The company left in the early afternoon. The longed-for nap forgotten, Vic’s description of baby David on the farm running around with Maggie’s little girl reenergized Katrina and she resumed work with a vengeance. When Dave returned to work, he was confident she’d be okay.

Sitting at the computer took a toll on her back after a while. Periodically getting up to stretch, she drank another cup of coffee, determined to finish her current project. By four, not even coffee helped to keep Katrina’s eyes open. She saved her work and closed the lid on her laptop before heading to her bedroom. A good restorative nap before Dave got home might help her personality. The room was cool and dark. The sound of laughter from a canoe making its way down the creek amused her. She brushed her teeth and got into bed, the smooth, cool sheets caressing her body.

Dave was right; the day was stressful coming on top of the long weekend away, the awful,not-a-baby-shower partywith upper management in San Francisco eliminating every impulse to connect with her colleagues. Closing her eyes, she nestled into the soft pillow, and the last recollection was the sound of the ice maker out in the kitchen.

***

It wasn’t really a dream. As she woke up, a discombobulated sensation swept over her in between sleep and awareness. It was why she disliked napping. An event came to mind which relied on every sense. The memory was not that long ago, right after college graduation and she’d returned to Pensacola.

“Katrina, can you come here?”

The familiar sound of her mother’s voice just made it past the music going directly into her brain coming from the headphones she wore. Pulling the right earpiece away from her head, she yelled back.

“What do you want? I’m busy.” She was applying for jobs online and had been at it for hours.

“I need you to help me in the lanai. It’s too hard to explain.”

“Darn it,” Katrina grumbled, whipping off the phones and throwing them aside. With her computer she was a little gentler, closing the lid and placing it carefully on her bed.

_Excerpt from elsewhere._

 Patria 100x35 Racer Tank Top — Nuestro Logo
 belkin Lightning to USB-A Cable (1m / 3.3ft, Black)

Skipping down the stairs, her mother was probably doing something untoward with the pool filter instead of waiting for the pool boy, and needed Katrina to help her figure out how to fix it before Big Clark, her father, got home that night. He was on a work trip to Houston as part of his space program duties.

Katrina hated it when Clark was gone. Jessie Blanchard was an amazing, independent woman, one of the first female pediatric cardiologists to practice in the Florida Panhandle, making it possible for patients in the western part of the state to not have to drive to Gainesville or Tampa to be seen. But when Clark was away from home, she reverted to a seemingly scatterbrained, fragile facsimile of herself.

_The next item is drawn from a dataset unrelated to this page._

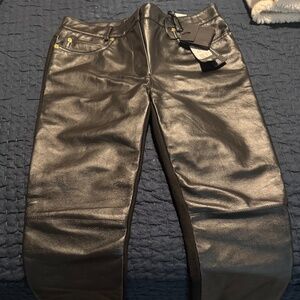 Versace Leather Pants (Never Worn, Brand New)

Katrina might have had an ulterior motive by going across country to attend Stanford; the fear of becoming her mother’s babysitter when Clark had to be in Houston or Cape Canaveral was a driving factor. For four years, she’d kept her distance, making excuses not to come home unless her friends had a reason for it—attending Maggie’s wedding to Russ, for instance.

Since Katrina had returned from Stanford, she’d reverted to her pre-college persona and Jessie had wholeheartedly embraced it, preparing Katrina’s favorite foods when she was home, doing her laundry, pampering her. The house was whole again with her daughter in residence. And Katrina resumed worrying about her mother when Clark was away.

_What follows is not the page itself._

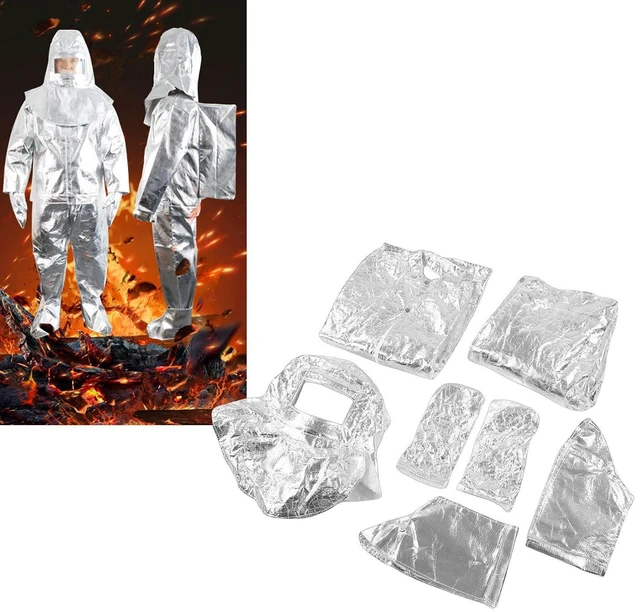 Alt view image 5 of 6 - Walfront Heat Insulated Suit Aluminized Fireproof Clothing 1832 to 2192°F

The lanai was at the other end of the huge living spaces of the house, and the scent of mimosa came to her, as real as if she were back there in Pensacola. Force of habit, Katrina just glanced out the windows facing the front of the house and saw cars lined up on the usually empty street. Her heart thumped.

Thoughts of her father came to her immediately for some reason. But when she crossed the threshold into the lanai and every soul she knew jumped up into the air, screaming surprise, she finally got it. It was a surprise graduation party for her. And she was in a t-shirt, shorts, and had her hair in a messy bun with no makeup.

“I should kill you,” she whispered to Maggie who’d jumped on her, hugging her best friend. “It’s not too late.”

“Aw, it’s so sweet. Your ma’s been planning this since Christmas.”

Friends and family surrounded them; Annie Markley jumped and down, clapping her hands. “You never suspected a thing, did you?”